Prompt =>
Copy all entries exactly.

[Items from a dataset]
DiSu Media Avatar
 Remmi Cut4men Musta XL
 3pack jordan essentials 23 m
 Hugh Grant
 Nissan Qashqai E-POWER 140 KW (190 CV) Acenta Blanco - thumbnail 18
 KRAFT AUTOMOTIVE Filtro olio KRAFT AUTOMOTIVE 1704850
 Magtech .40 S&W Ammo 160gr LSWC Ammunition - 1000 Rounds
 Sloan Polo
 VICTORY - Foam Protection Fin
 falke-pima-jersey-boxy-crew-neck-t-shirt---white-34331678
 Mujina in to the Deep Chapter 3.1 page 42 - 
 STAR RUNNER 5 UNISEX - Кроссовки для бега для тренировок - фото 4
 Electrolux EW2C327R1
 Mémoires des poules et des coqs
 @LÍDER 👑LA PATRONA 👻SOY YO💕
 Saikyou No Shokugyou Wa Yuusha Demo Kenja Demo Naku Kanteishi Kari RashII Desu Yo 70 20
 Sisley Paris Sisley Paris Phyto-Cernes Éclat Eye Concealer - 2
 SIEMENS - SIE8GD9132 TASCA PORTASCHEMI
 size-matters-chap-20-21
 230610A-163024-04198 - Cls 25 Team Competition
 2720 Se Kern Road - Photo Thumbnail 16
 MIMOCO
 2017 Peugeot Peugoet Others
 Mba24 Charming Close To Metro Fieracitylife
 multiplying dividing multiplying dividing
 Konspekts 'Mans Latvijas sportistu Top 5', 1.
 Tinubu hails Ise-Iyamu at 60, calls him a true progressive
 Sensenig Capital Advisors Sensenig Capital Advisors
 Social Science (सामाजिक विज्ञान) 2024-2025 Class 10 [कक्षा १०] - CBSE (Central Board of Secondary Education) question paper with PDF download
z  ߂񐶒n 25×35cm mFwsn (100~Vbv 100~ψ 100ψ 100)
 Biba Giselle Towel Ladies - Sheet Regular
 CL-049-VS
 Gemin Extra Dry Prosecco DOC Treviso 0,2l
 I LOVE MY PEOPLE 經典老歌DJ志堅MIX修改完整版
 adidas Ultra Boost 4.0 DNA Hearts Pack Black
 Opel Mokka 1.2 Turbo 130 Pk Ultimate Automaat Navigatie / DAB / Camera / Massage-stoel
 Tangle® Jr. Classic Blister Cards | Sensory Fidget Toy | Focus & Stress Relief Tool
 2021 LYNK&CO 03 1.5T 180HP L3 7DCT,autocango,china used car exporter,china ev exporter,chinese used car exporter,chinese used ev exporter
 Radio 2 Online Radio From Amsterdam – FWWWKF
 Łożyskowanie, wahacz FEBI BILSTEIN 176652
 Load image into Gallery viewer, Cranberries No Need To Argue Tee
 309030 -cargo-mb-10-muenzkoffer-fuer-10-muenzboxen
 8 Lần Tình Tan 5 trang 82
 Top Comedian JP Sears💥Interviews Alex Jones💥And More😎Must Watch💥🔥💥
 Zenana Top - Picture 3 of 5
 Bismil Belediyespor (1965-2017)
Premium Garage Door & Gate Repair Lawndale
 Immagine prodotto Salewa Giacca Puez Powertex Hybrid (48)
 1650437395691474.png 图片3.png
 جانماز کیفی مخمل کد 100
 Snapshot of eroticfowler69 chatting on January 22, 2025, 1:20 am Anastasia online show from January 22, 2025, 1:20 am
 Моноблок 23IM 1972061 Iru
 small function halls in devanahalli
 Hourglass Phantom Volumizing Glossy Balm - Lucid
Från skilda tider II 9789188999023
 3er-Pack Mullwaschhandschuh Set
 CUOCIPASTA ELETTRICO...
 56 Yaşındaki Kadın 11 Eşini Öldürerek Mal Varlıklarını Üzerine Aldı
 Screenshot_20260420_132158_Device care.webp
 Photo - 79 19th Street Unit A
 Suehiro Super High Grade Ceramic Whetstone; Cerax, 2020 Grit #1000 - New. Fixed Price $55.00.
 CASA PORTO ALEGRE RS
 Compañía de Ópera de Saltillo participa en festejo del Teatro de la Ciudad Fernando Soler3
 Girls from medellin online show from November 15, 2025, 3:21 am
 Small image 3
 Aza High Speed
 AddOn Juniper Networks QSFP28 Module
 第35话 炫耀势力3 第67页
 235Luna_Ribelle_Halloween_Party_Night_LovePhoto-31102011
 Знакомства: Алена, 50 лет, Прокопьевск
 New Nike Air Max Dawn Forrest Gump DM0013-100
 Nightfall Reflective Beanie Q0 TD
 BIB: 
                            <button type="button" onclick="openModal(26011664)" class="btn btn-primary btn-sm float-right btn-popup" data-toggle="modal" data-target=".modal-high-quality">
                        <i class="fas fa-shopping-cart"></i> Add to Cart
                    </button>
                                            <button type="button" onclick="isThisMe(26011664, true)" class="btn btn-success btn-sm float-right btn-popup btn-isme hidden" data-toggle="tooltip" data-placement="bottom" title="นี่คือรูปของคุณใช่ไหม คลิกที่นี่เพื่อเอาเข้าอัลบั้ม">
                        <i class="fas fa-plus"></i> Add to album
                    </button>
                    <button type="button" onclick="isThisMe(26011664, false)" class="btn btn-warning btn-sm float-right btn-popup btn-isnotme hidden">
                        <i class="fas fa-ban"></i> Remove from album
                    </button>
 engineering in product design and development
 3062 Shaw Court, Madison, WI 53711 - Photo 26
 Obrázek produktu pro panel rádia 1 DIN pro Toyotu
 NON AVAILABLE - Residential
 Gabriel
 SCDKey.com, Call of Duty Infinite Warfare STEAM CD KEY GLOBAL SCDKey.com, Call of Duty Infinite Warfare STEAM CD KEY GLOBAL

Task response =>
DiSu Media Avatar
 Remmi Cut4men Musta XL
 3pack jordan essentials 23 m
 Hugh Grant
 Nissan Qashqai E-POWER 140 KW (190 CV) Acenta Blanco - thumbnail 18
 KRAFT AUTOMOTIVE Filtro olio KRAFT AUTOMOTIVE 1704850
 Magtech .40 S&W Ammo 160gr LSWC Ammunition - 1000 Rounds
 Sloan Polo
 VICTORY - Foam Protection Fin
 falke-pima-jersey-boxy-crew-neck-t-shirt---white-34331678
 Mujina in to the Deep Chapter 3.1 page 42 - 
 STAR RUNNER 5 UNISEX - Кроссовки для бега для тренировок - фото 4
 Electrolux EW2C327R1
 Mémoires des poules et des coqs
 @LÍDER 👑LA PATRONA 👻SOY YO💕
 Saikyou No Shokugyou Wa Yuusha Demo Kenja Demo Naku Kanteishi Kari RashII Desu Yo 70 20
 Sisley Paris Sisley Paris Phyto-Cernes Éclat Eye Concealer - 2
 SIEMENS - SIE8GD9132 TASCA PORTASCHEMI
 size-matters-chap-20-21
 230610A-163024-04198 - Cls 25 Team Competition
 2720 Se Kern Road - Photo Thumbnail 16
 MIMOCO
 2017 Peugeot Peugoet Others
 Mba24 Charming Close To Metro Fieracitylife
 multiplying dividing multiplying dividing
 Konspekts 'Mans Latvijas sportistu Top 5', 1.
 Tinubu hails Ise-Iyamu at 60, calls him a true progressive
 Sensenig Capital Advisors Sensenig Capital Advisors
 Social Science (सामाजिक विज्ञान) 2024-2025 Class 10 [कक्षा १०] - CBSE (Central Board of Secondary Education) question paper with PDF download
z  ߂񐶒n 25×35cm mFwsn (100~Vbv 100~ψ 100ψ 100)
 Biba Giselle Towel Ladies - Sheet Regular
 CL-049-VS
 Gemin Extra Dry Prosecco DOC Treviso 0,2l
 I LOVE MY PEOPLE 經典老歌DJ志堅MIX修改完整版
 adidas Ultra Boost 4.0 DNA Hearts Pack Black
 Opel Mokka 1.2 Turbo 130 Pk Ultimate Automaat Navigatie / DAB / Camera / Massage-stoel
 Tangle® Jr. Classic Blister Cards | Sensory Fidget Toy | Focus & Stress Relief Tool
 2021 LYNK&CO 03 1.5T 180HP L3 7DCT,autocango,china used car exporter,china ev exporter,chinese used car exporter,chinese used ev exporter
 Radio 2 Online Radio From Amsterdam – FWWWKF
 Łożyskowanie, wahacz FEBI BILSTEIN 176652
 Load image into Gallery viewer, Cranberries No Need To Argue Tee
 309030 -cargo-mb-10-muenzkoffer-fuer-10-muenzboxen
 8 Lần Tình Tan 5 trang 82
 Top Comedian JP Sears💥Interviews Alex Jones💥And More😎Must Watch💥🔥💥
 Zenana Top - Picture 3 of 5
 Bismil Belediyespor (1965-2017)
Premium Garage Door & Gate Repair Lawndale
 Immagine prodotto Salewa Giacca Puez Powertex Hybrid (48)
 1650437395691474.png 图片3.png
 جانماز کیفی مخمل کد 100
 Snapshot of eroticfowler69 chatting on January 22, 2025, 1:20 am Anastasia online show from January 22, 2025, 1:20 am
 Моноблок 23IM 1972061 Iru
 small function halls in devanahalli
 Hourglass Phantom Volumizing Glossy Balm - Lucid
Från skilda tider II 9789188999023
 3er-Pack Mullwaschhandschuh Set
 CUOCIPASTA ELETTRICO...
 56 Yaşındaki Kadın 11 Eşini Öldürerek Mal Varlıklarını Üzerine Aldı
 Screenshot_20260420_132158_Device care.webp
 Photo - 79 19th Street Unit A
 Suehiro Super High Grade Ceramic Whetstone; Cerax, 2020 Grit #1000 - New. Fixed Price $55.00.
 CASA PORTO ALEGRE RS
 Compañía de Ópera de Saltillo participa en festejo del Teatro de la Ciudad Fernando Soler3
 Girls from medellin online show from November 15, 2025, 3:21 am
 Small image 3
 Aza High Speed
 AddOn Juniper Networks QSFP28 Module
 第35话 炫耀势力3 第67页
 235Luna_Ribelle_Halloween_Party_Night_LovePhoto-31102011
 Знакомства: Алена, 50 лет, Прокопьевск
 New Nike Air Max Dawn Forrest Gump DM0013-100
 Nightfall Reflective Beanie Q0 TD
 BIB: 
                            <button type="button" onclick="openModal(26011664)" class="btn btn-primary btn-sm float-right btn-popup" data-toggle="modal" data-target=".modal-high-quality">
                        <i class="fas fa-shopping-cart"></i> Add to Cart
                    </button>
                                            <button type="button" onclick="isThisMe(26011664, true)" class="btn btn-success btn-sm float-right btn-popup btn-isme hidden" data-toggle="tooltip" data-placement="bottom" title="นี่คือรูปของคุณใช่ไหม คลิกที่นี่เพื่อเอาเข้าอัลบั้ม">
                        <i class="fas fa-plus"></i> Add to album
                    </button>
                    <button type="button" onclick="isThisMe(26011664, false)" class="btn btn-warning btn-sm float-right btn-popup btn-isnotme hidden">
                        <i class="fas fa-ban"></i> Remove from album
                    </button>
 engineering in product design and development
 3062 Shaw Court, Madison, WI 53711 - Photo 26
 Obrázek produktu pro panel rádia 1 DIN pro Toyotu
 NON AVAILABLE - Residential
 Gabriel
 SCDKey.com, Call of Duty Infinite Warfare STEAM CD KEY GLOBAL SCDKey.com, Call of Duty Infinite Warfare STEAM CD KEY GLOBAL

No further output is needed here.